Absent a discernible trajectory of progress, the American people are giving up on the occupation. In last week's CBS News/New York Times poll, 59 percent of respondents said the war was going badly, and just 37 percent approved of President Bush's handling of Iraq. A Gallup poll showed six in 10 Americans favoring full or partial withdrawal of U.S. forces.
These figures already match the polling in the middle and late years of the war in Vietnam -- even though that war was fought with vastly higher casualties and a conscript army. In a series of polls taken in November and December of 1969, the Gallup Organization found that 49 percent of Americans favored a withdrawal of U.S. forces and 78 percent believed that the Nixon administration's rate of withdrawal was "too slow." But there was one other crucial finding: 77 percent disapproved of the antiwar demonstrations, which were then at their height.
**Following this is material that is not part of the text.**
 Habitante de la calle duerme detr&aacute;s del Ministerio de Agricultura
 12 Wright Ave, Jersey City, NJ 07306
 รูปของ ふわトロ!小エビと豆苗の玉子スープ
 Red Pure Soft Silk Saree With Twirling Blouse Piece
That disapproval was key to Nixon's political strategy. He didn't so much defend the war as attack its critics, making common cause with what he termed the "silent majority" against a mainstream movement with a large, raucous and sometimes senseless fringe. When Nixon won reelection in a landslide, it was clear that the strategy had worked -- and it has been fundamental Republican strategy ever since. Though the public sides with the Democrats on more key issues than it does with Republicans, it's Republicans who have won more elections, in good measure because the GOP has raised its ad hominem attacks on Democrats' character and patriotism to a science.
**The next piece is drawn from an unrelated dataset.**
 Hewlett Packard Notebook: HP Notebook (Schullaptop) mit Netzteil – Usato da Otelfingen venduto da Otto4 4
Which is why, however perverse this may sound, the absence of an antiwar movement is proving to be a huge political problem for the Bush administration, and why the Republicans are reduced to trying to turn Dick Durbin, who criticized our policies at Guantanamo Bay, into some enemy of the people. The administration has no one to demonize. With nobody blocking the troop trains, military recruitment is collapsing of its own accord. With nobody in the streets, the occupation is being judged on its own merits.
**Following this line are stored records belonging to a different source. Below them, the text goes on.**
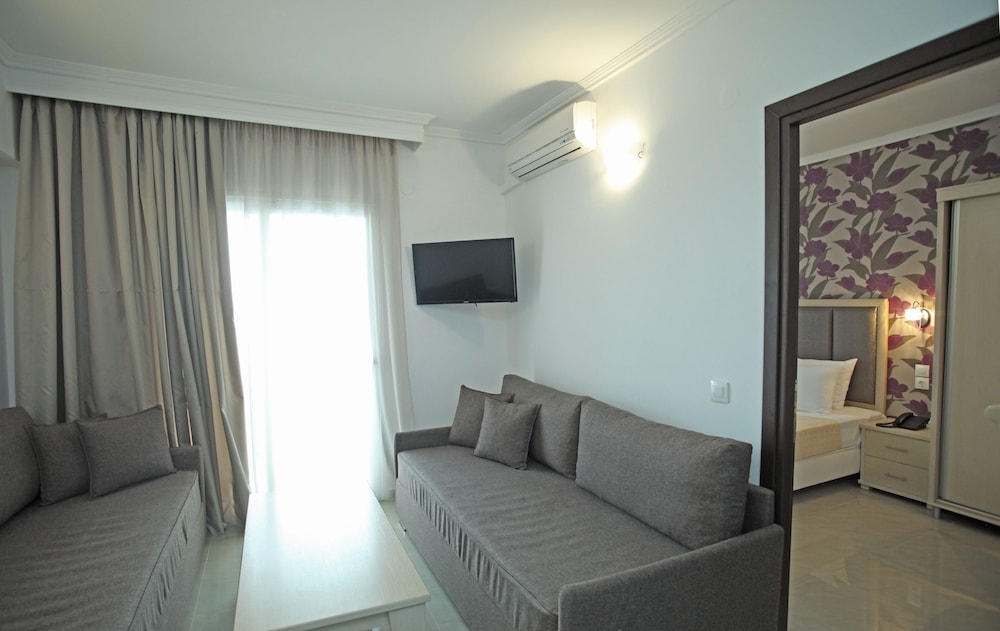 Naias Beach Hotel 21/43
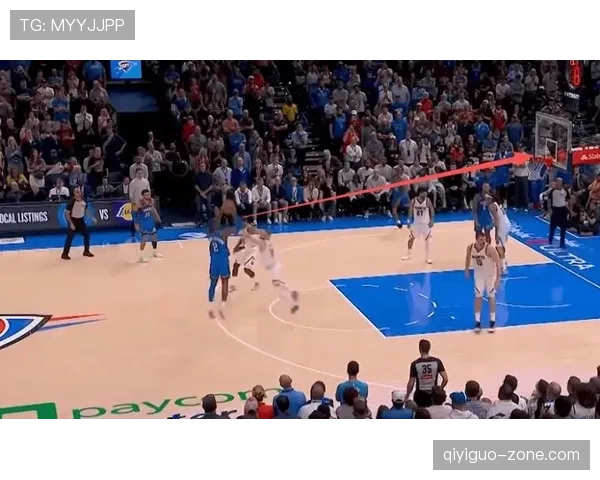 无球掩护接球三分，特伦特拉开空间效率回升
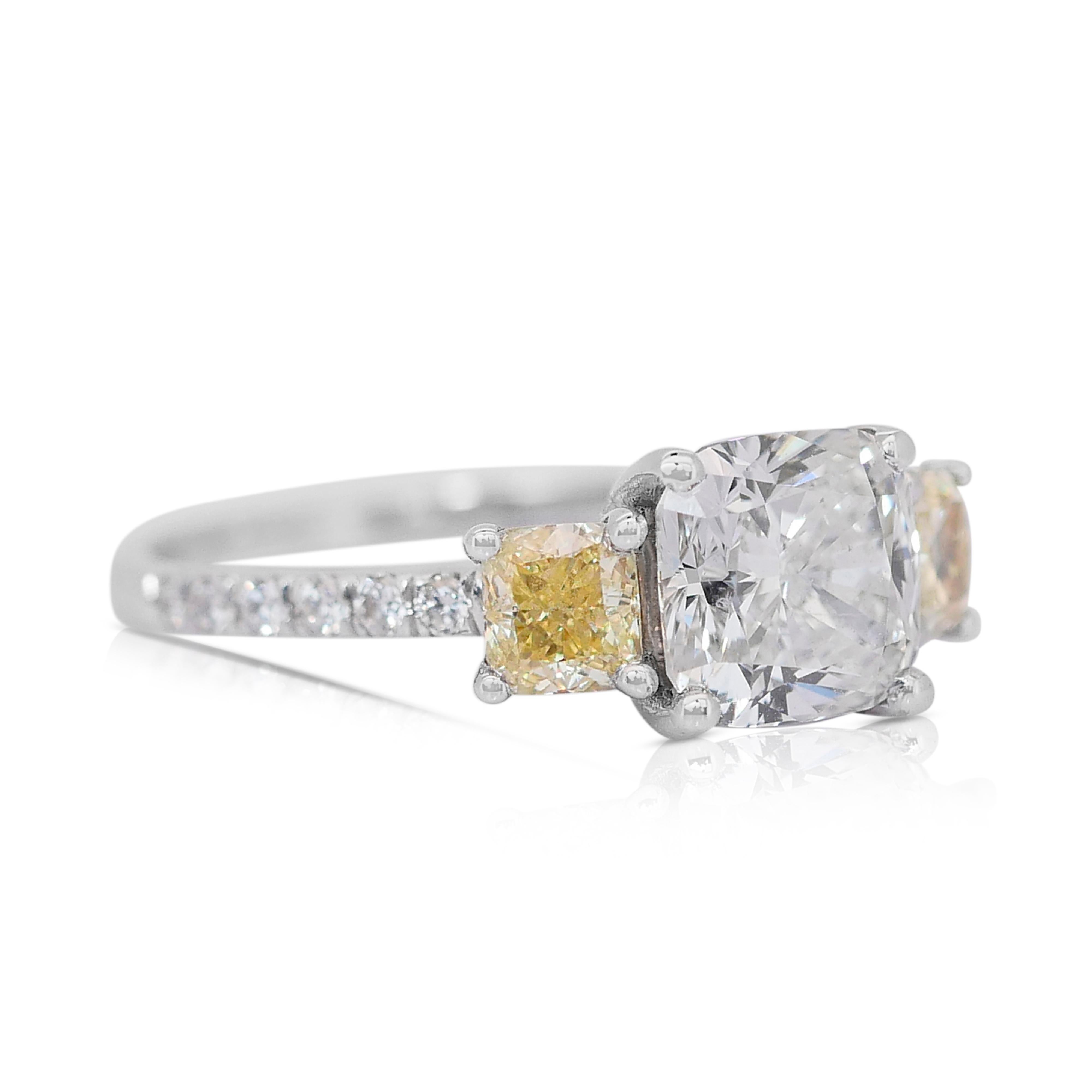 Deslumbrante Anillo de 3 Piedras de Diamantes de 2,57 ct en Oro Blanco de 18k - Certificado GIA Corte cojín en venta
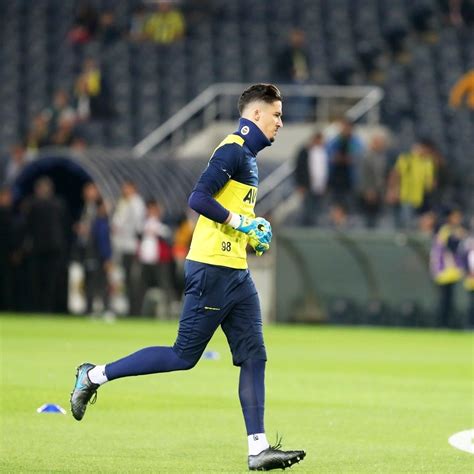 İnstagram sayfam ve internet adresim: Altay Bayındır | Kaleci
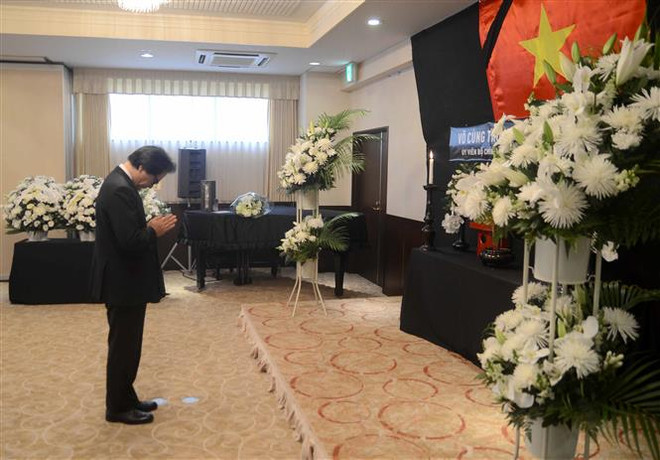Vietnam Embassy in Japan pays respect to President Tran Dai Quang ảnh 4 Vietnam Embassy in Japan pays respect to President Tran Dai Quang ảnh 4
Unable to distract people from his own performance, Bush is tanking in the polls. And with congressional Democrats at least partly muting their opposition to an open-ended occupation, it's Bush's fellow Republicans -- most prominently, North Carolina's Walter Jones -- who are now calling our policy into question.
The lesson here for liberals and Democrats is not that they should shun oppositional politics -- after all, they confronted Bush head-on over Social Security and prevailed. My hunch is that candidates in the 2006 elections -- not to mention, 2008 -- who call for putting a date on U.S. withdrawal from Iraq will be rewarded at the ballot box. But it will probably help such candidates, and certainly confound the Bushites, if antiwar activists forget about the streets and focus on the polls.
I don't know if I agree with all of that (for instance, when the right seemingly has no one to attack they will always, always create an enemy by any means necessary) but it's something to think about.